Here, we will talk about how we use gRPC to minimize network overheads, helping to limit the impact of problems we talked about above. We will explain why you would need client-side load-balancing and how it can be implemented with a simple server configuration. Next, we will cover the importance of payload compression and how it improved our setup. Finally, we will elaborate upon how you can use gRPC to study your network overheads using transport-level tracing. Since most of this is not covered as developer-ready documentation in gRPC, we will include code-snippets to help materialize our suggestions.

Using client-side load-balancing to evenly distribute request-load

It is imperative that a service should use load-balancing to evenly distribute its available resources to request-load. It is even more important with gRPC because a connection is reused for multiple calls. The heavy compute nature of making predictions could quickly overwhelm a server. One possible implementation is to employ an external load-balancer to route traffic evenly. We instead are able to use Kubernetes cloud-native service discovery, DNS, and client-side load balancing to achieve the same thing with the benefits outlined below. 

Why use client-side for load-balancing?

  1. It prevents a request hop to the external load-balancer.
  2. Your load-balancer may not support gRPC traffic because of its HTTP/2 protocol. For instance, the AWS network load-balancer doesn’t support HTTP/2 traffic.

The cost of using client-side load-balancing is added code complexity at the client-side. Next, we illustrate how we avoid that cost by using a simple implementation. 

An easy method to enable client-side load-balancing

We use short-lived connections to the server that reset a client connection every 10 seconds to realize load-balancing. This can be implemented using a server configuration that can be set using gRPC’s NettyServerBuilder and maxConnectionAge as below:

val server = NettyServerBuilder
   .forPort(ServiceConfig.PORT)

    ...
   .maxConnectionAge(ServiceConfig.MAX_CONNECTION_AGE, TimeUnit.SECONDS)
   .build()

With this configuration and MAX_CONNECTION_AGE set to 10 seconds, we get a decent resource distribution. Figure 4, below, shows a graph demonstrating how our 30 pod-clusters almost homogeneously use CPU over time under (periodically) varying request loads:

Our server configuration results in nearly collinear CPU utilization over time for 30 pods in a cluster.
Figure 4. Our server configuration results in nearly collinear CPU utilization over time for 30 pods in a cluster.

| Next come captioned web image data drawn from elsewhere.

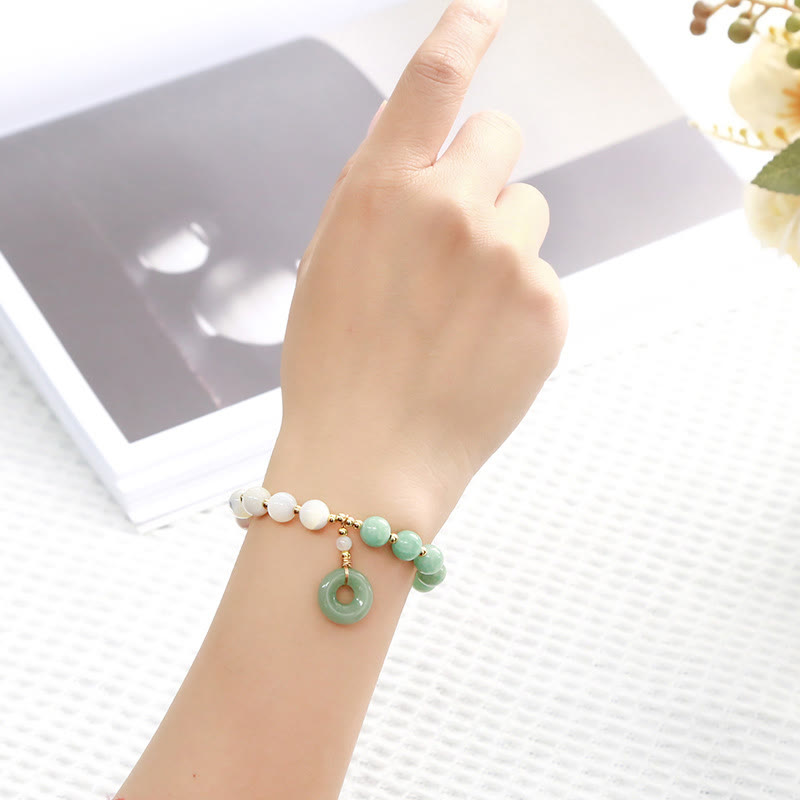 Fortune Jewel Jade Trochus Horseshoe Snail Peace Buckle Charm Abundance Bracelet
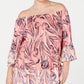 Style & Co Women's Plus Sedona Oasis Printed Ruffled Blouse Orange Size 0X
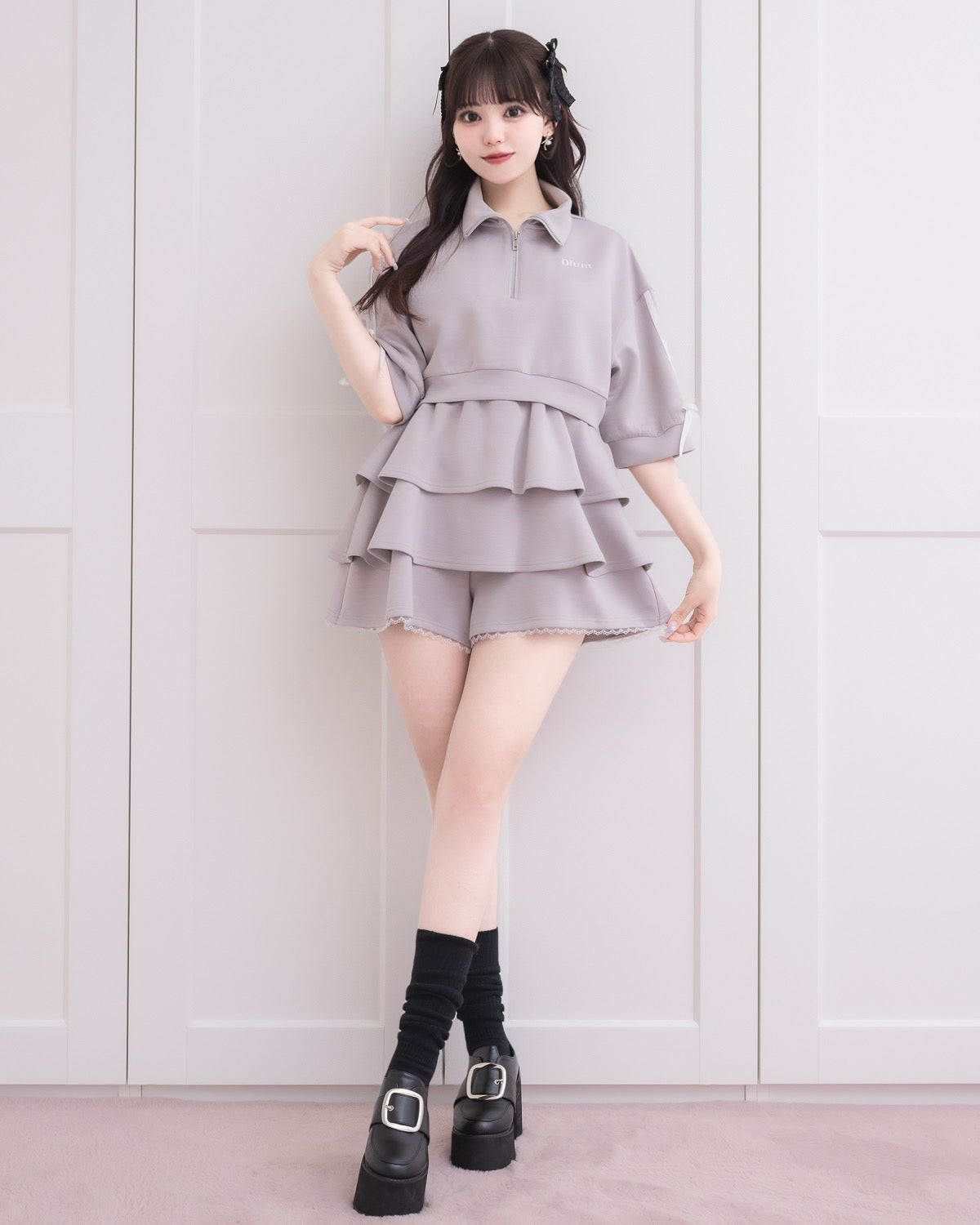 モデル身長:163cm/着用カラー:ラベンダーグレー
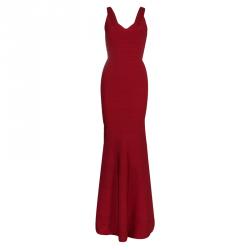 Herve Leger Red Bandage Flared Bottom Ellen Gown S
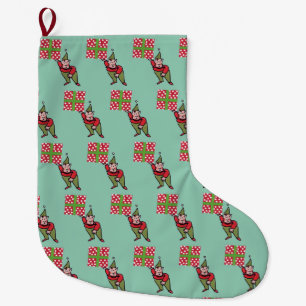 Grande Chaussette De Noël Elf avec Polka Dot Cadeau de Noël stocké grand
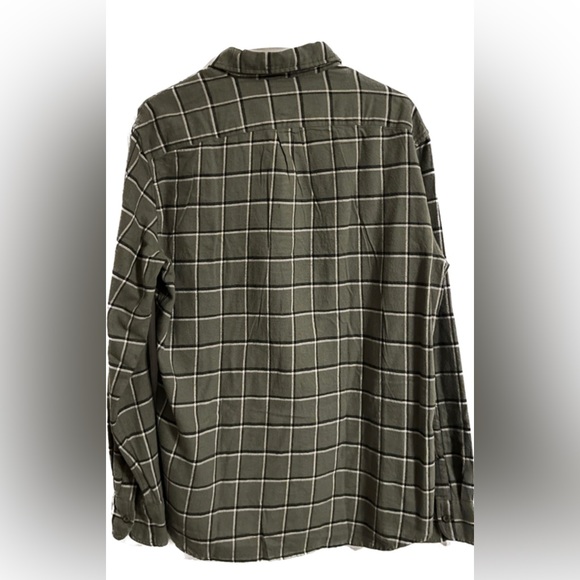 J Crew Button Up Long Sleeve Flannel Shirt Size L Green - Picture 3 of 3
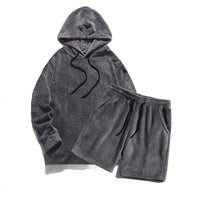 Plus Size Hooded Men's Sweatshirt Coral Fleece Jacket Shorts Set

What are alternative ways to implement client-side load-balancing?

If the above configuration doesn’t work for you, the ideal solution involves setting up a service mesh by using a sidecar container on the client-side. The sidecar container is responsible for routing traffic emanating from a client to a service in a load-balanced manner. Linkerd is a Kubernetes-specific solution, while Istio is a platform-independent option designed to achieve load-balancing.

Using payload compression to reduce network packet sizes 

As payload sizes grow, compression is the natural solution to help reduce the packet sizes. Smaller packets are faster to transport but compression adds overheads of serialization and deserialization. That’s why applicability and choices of a compression algorithm need to be evaluated before putting them to use.

We did not settle down with gRPC’s default compression

After running benchmark tests using a few algorithms on one of our characteristic requests, we found Zstandard (zstd) algorithm performs the best in terms of end-to-end service latency. The reduction in latency from zstd over gzip (the default compression option from gRPC) was over 12 percent. Below is a snippet from our benchmark test comparing raw latency (in milliseconds) for LZ4, Snappy, gzip, zstd, and no compression.

In comparison among five compression algorithms, zstd showed the lowest end-to-end latency.
Figure 5a. In comparison among five compression algorithms, zstd showed the lowest end-to-end latency.
After instituting zstd (green line), we see significantly reduced latency in our production cluster.
Figure 5b. After instituting zstd (green line), we see significantly reduced latency in our production cluster.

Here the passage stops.